Databricks Lakehouse Monitoring vs. Data Observability – What’s the Difference?
One of the stars taking center stage at the Databricks’ Data + AI Summit this year was their latest data quality feature, Lakehouse Monitoring.
If you were looking for a sign or additional validation that data quality needs to be at the top of the list for data teams supporting analytical, machine learning, and AI use cases, look no further. As we’ve been saying for years: to achieve stakeholder trust, data teams need a comprehensive understanding of the health and performance of data within their systems!
Now that Lakehouse Monitoring has entered public preview, more details have emerged that can help data teams understand its value and where it fits within their data reliability stack.
In this post, we’ll introduce Lakehouse Monitoring and when it makes sense to start leveraging a data observability platform like Monte Carlo.
Table of Contents
What is Databricks Lakehouse Monitoring?
Lakehouse Monitoring is a feature available for premium tier and above Databricks users that automatically monitors data pipelines and AI models within the Databricks ecosystem.
Every monitor will automatically generate three new assets within Databricks upon its creation: a profile metrics table, a drift metrics table, and a dashboard. Dashboards display metrics on a per monitor basis. In other words, each monitor corresponds to a specific dashboard and vice versa.
These monitors are opt-in, meaning they must be set ahead of time and applied to each table to catch any data quality issues associated with that asset. Alerting is limited to email, but webhooks can be used for other communication methods.
At its core, Lakehouse Monitoring tracks data quality anomalies, machine learning drift metrics, and (optionally) PII, with a few features that assist with root cause analysis such as segmentation analysis and data lineage via Unity Catalog.
When to use Lakehouse Monitoring
Lakehouse Monitoring is ideally suited for MLOps teams monitoring the drift of AI models hosted within the Databricks platform.
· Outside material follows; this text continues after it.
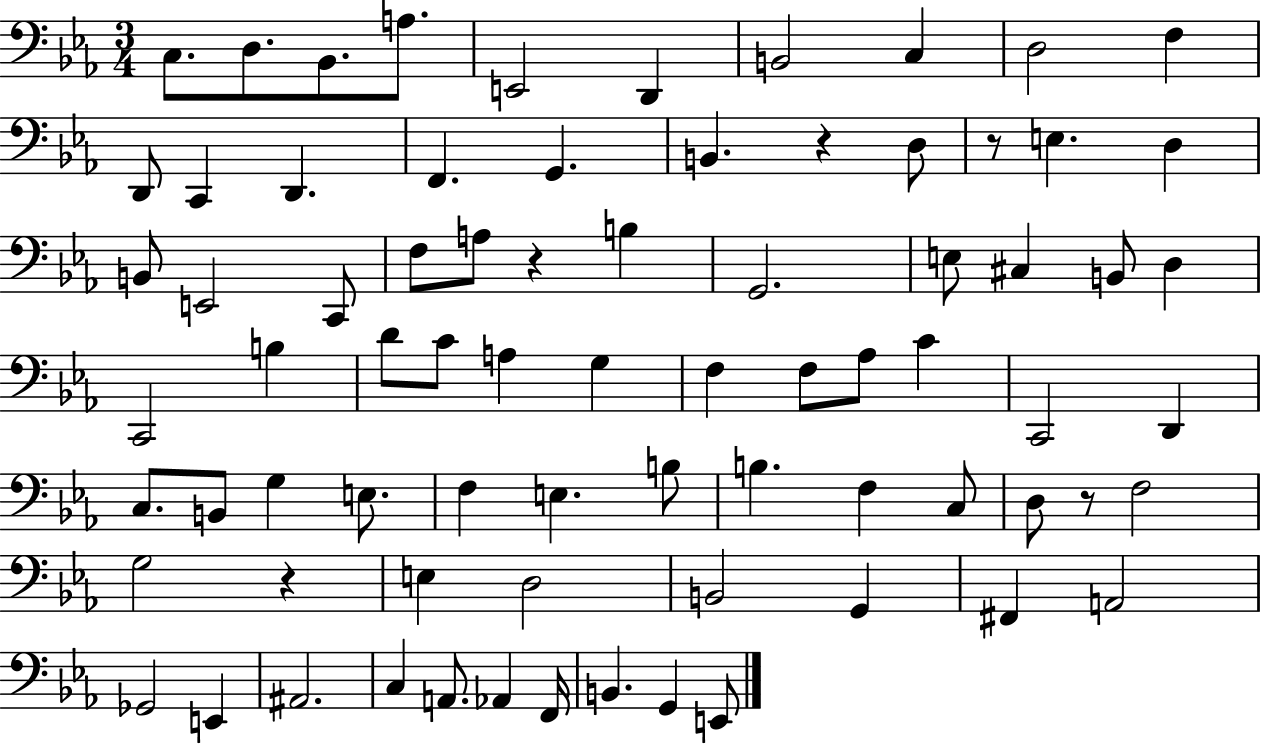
C3/e. D3/e. Bb2/e. A3/e. E2/h D2/q B2/h C3/q D3/h F3/q D2/e C2/q D2/q. F2/q. G2/q. B2/q. R/q D3/e R/e E3/q. D3/q B2/e E2/h C2/e F3/e A3/e R/q B3/q G2/h. E3/e C#3/q B2/e D3/q C2/h B3/q D4/e C4/e A3/q G3/q F3/q F3/e Ab3/e C4/q C2/h D2/q C3/e. B2/e G3/q E3/e. F3/q E3/q. B3/e B3/q. F3/q C3/e D3/e R/e F3/h G3/h R/q E3/q D3/h B2/h G2/q F#2/q A2/h Gb2/h E2/q A#2/h. C3/q A2/e. Ab2/q F2/s B2/q. G2/q E2/e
It can also be useful for data monitoring use cases involving smaller teams that have built data pipelines (ingestion, transformation, consumption) entirely within the Databricks platform.
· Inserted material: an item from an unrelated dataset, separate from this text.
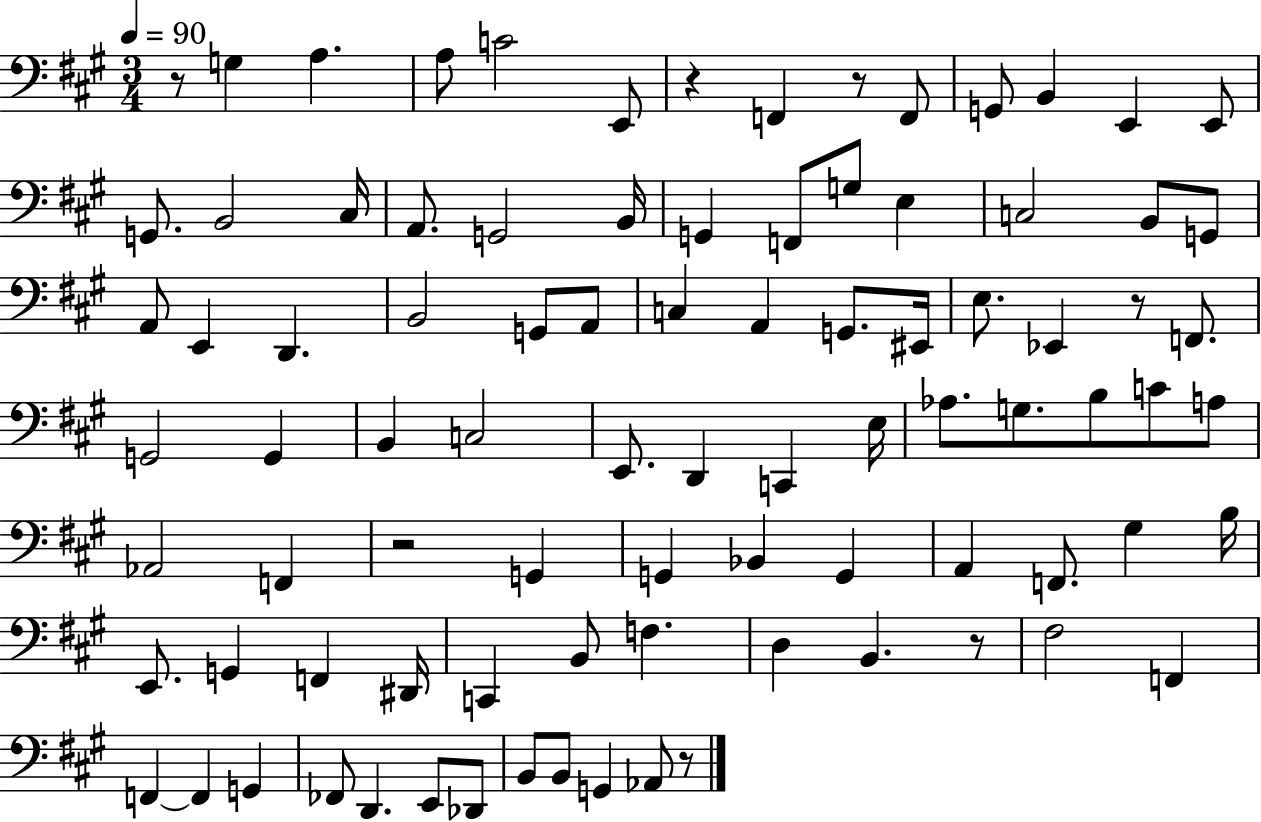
R/e G3/q A3/q. A3/e C4/h E2/e R/q F2/q R/e F2/e G2/e B2/q E2/q E2/e G2/e. B2/h C#3/s A2/e. G2/h B2/s G2/q F2/e G3/e E3/q C3/h B2/e G2/e A2/e E2/q D2/q. B2/h G2/e A2/e C3/q A2/q G2/e. EIS2/s E3/e. Eb2/q R/e F2/e. G2/h G2/q B2/q C3/h E2/e. D2/q C2/q E3/s Ab3/e. G3/e. B3/e C4/e A3/e Ab2/h F2/q R/h G2/q G2/q Bb2/q G2/q A2/q F2/e. G#3/q B3/s E2/e. G2/q F2/q D#2/s C2/q B2/e F3/q. D3/q B2/q. R/e F#3/h F2/q F2/q F2/q G2/q FES2/e D2/q. E2/e Db2/e B2/e B2/e G2/q Ab2/e R/e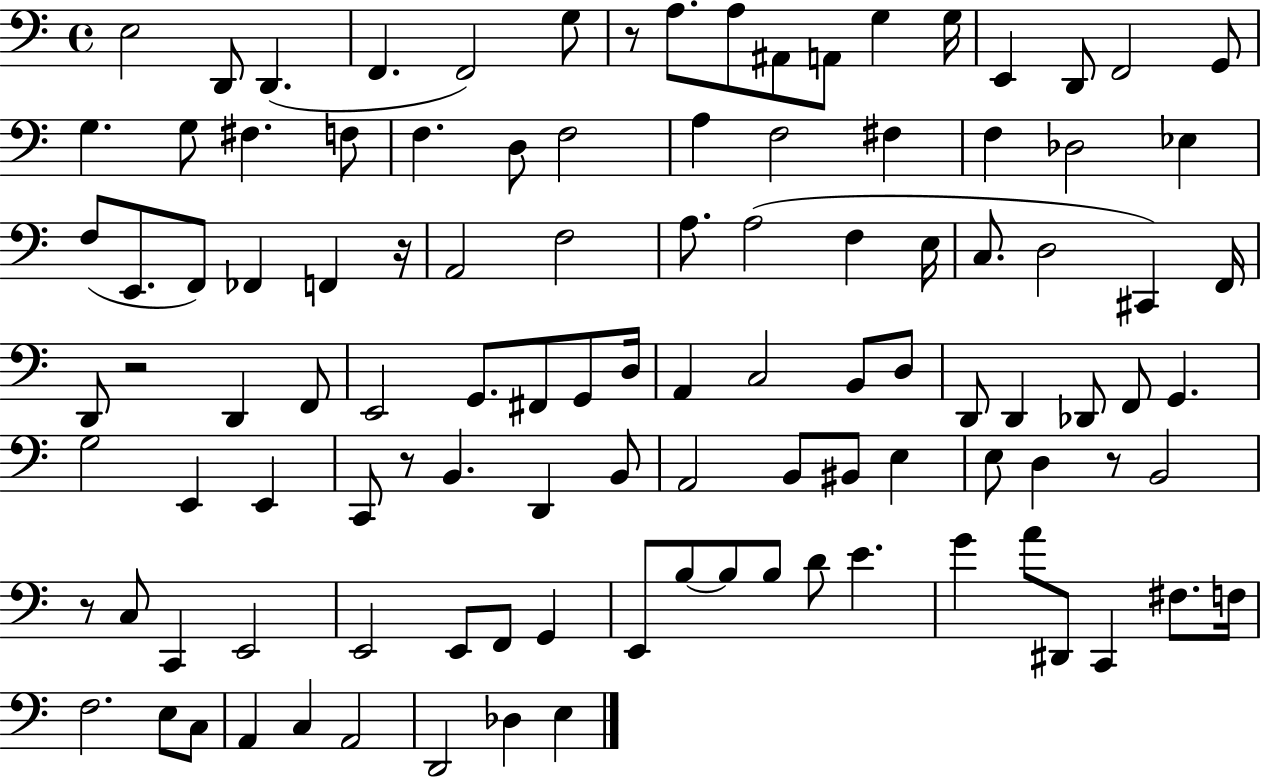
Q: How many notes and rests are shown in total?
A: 109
Deployments will likely be focused on gold-level aggregate/feature tables where the data scientist or ML engineer desires a bit more visibility into the quality of the data feeding a specific model.
This makes sense when you think about Databricks’ medallion architecture philosophy, which takes an incremental approach to improving data quality across each data curation layer.
Lakehouse Monitoring capabilities are also going to be limited to the Databricks ecosystem and oftentimes without the context of how data is ingested, transformed outside of Databricks, consumed by BI or other data stores and applications.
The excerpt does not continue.